Quantization for Small Language Models - Small Models Spring 2026

Quantization shrinks neural network weights and activations so that we can run models on smaller devices. In this notebook we explore what quantization does, how it trades accuracy for speed and memory, and how to reason about the trade-offs when deploying a small language model (LM).

Learning goals

See how floating point numbers are mapped into lower precision buckets.
Measure the memory savings and accuracy impact of different bit-widths.
Practice explaining the trade-offs to your classmates.

import numpy as np
import matplotlib.pyplot as plt

1. From Float32 to Int8¶

We start with a vector of values representing model weights. Quantization maps those 32-bit floating point values to 8-bit integers, together with a scale factor that lets us recover approximate float values later.

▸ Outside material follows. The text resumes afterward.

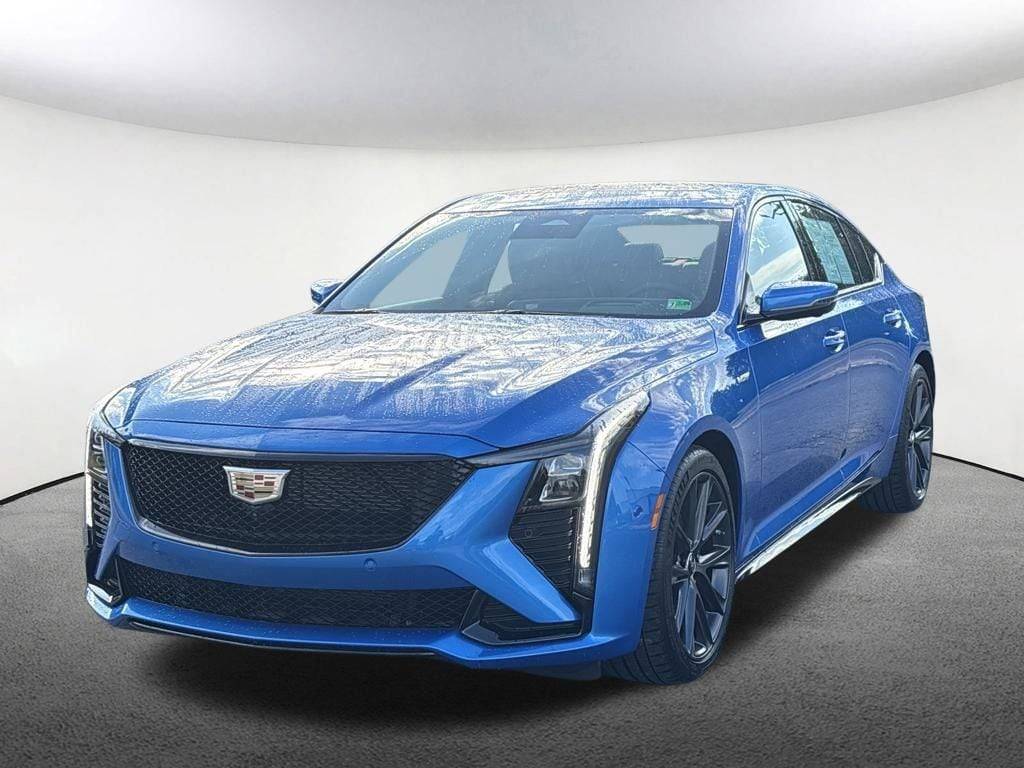 2026 Cadillac CT5-V Standard — Sedan — 461 mi — Fredericksburg, VA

def quantize_per_tensor(x: np.ndarray, num_bits: int = 8):
    '''Return quantized values and scale for symmetric quantization.'''
    max_int = 2 ** (num_bits - 1) - 1
    max_val = np.max(np.abs(x))
    scale = max_val / max_int if max_val != 0 else 1.0
    q = np.clip(np.round(x / scale), -max_int - 1, max_int).astype(np.int8)
    return q, scale


def dequantize(q: np.ndarray, scale: float) -> np.ndarray:
    '''Reconstruct float values from quantized integers.'''
    return q.astype(np.float32) * scale


rng = np.random.default_rng(seed=4)
float_weights = rng.normal(loc=0.0, scale=0.8, size=1_000).astype(np.float32)

q8, scale8 = quantize_per_tensor(float_weights, num_bits=8)
float_reconstructed = dequantize(q8, scale8)

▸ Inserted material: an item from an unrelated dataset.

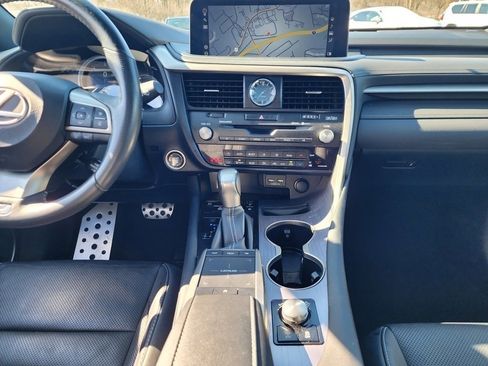 Used 2022 Lexus RX 350 F Sport AWD/4WD image 32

print('Scale factor:', round(scale8, 5))
print('Original dtype:', float_weights.dtype, '  Quantized dtype:', q8.dtype)
print('Mean absolute error:', np.mean(np.abs(float_weights - float_reconstructed)))
print('Max absolute error:', np.max(np.abs(float_weights - float_reconstructed)))

Scale factor: 0.02058
Original dtype: float32   Quantized dtype: int8
Mean absolute error: 0.0051890863
Max absolute error: 0.010284424

Visualizing the effect¶

If plotting is available, compare the original and quantized values side-by-side.

if 'plt' in globals():
    fig, ax = plt.subplots(1, 2, figsize=(10, 4))
    ax[0].hist(float_weights, bins=30, color='steelblue', alpha=0.8)
    ax[0].set_title('Float32 distribution')
    ax[1].hist(float_reconstructed, bins=30, color='darkorange', alpha=0.8)
    ax[1].set_title('Int8 dequantized distribution')
    fig.suptitle('Comparing value distributions')
    plt.show()
else:
    print('Plot skipped — enable matplotlib to visualize distributions.')

2. How much memory do we save?¶

Weights stored in 32-bit floats use 4 bytes per number, while int8 uses 1 byte. The scale value adds a tiny overhead per tensor.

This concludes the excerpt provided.